Data excerpts:
********************

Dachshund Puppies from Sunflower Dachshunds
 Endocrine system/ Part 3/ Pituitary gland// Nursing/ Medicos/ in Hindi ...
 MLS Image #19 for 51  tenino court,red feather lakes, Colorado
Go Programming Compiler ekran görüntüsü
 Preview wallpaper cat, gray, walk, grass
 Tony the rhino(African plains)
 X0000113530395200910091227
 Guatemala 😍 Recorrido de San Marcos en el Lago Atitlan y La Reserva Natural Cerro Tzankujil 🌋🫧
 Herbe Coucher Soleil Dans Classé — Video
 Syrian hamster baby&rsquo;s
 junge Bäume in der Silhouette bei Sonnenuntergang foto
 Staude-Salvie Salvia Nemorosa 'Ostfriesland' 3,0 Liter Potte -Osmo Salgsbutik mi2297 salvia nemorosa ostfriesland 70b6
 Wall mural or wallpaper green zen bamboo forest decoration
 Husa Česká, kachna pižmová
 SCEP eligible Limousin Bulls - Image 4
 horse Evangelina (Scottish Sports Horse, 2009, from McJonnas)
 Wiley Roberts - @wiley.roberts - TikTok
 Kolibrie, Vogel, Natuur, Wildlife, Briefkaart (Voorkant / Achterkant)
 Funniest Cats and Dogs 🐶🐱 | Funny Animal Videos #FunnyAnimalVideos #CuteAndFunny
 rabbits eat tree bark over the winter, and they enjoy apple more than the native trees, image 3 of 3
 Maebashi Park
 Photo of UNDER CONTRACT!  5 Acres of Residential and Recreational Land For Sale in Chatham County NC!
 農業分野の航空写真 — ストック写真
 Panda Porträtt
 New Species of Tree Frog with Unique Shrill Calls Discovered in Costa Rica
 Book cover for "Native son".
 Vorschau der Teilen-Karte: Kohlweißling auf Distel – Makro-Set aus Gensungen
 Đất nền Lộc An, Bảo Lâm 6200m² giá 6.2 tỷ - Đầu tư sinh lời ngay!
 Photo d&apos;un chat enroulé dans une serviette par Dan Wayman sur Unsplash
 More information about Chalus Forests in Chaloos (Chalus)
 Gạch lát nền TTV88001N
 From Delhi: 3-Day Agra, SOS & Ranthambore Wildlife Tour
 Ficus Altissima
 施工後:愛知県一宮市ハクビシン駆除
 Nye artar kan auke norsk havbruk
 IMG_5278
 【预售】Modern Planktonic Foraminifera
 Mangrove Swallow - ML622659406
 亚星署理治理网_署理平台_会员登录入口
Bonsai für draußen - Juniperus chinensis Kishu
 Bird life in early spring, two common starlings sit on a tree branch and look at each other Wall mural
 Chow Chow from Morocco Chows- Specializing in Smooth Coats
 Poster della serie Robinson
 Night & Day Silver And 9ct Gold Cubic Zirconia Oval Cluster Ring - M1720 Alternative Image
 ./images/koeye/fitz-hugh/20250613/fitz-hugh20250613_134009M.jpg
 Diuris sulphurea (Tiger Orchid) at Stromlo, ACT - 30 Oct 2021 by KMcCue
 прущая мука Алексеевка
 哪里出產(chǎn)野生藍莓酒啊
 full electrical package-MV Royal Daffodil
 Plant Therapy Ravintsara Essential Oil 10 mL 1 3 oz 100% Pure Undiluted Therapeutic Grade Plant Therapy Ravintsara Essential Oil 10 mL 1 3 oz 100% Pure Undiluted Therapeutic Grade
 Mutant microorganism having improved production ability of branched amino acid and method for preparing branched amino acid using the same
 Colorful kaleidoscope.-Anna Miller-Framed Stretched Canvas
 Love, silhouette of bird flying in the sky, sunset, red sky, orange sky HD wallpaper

********************

WORK ORDER:
Where a line of the records holds the word "mural", copy that line.

RESPONSE AREA:
 Wall mural or wallpaper green zen bamboo forest decoration
 Bird life in early spring, two common starlings sit on a tree branch and look at each other Wall mural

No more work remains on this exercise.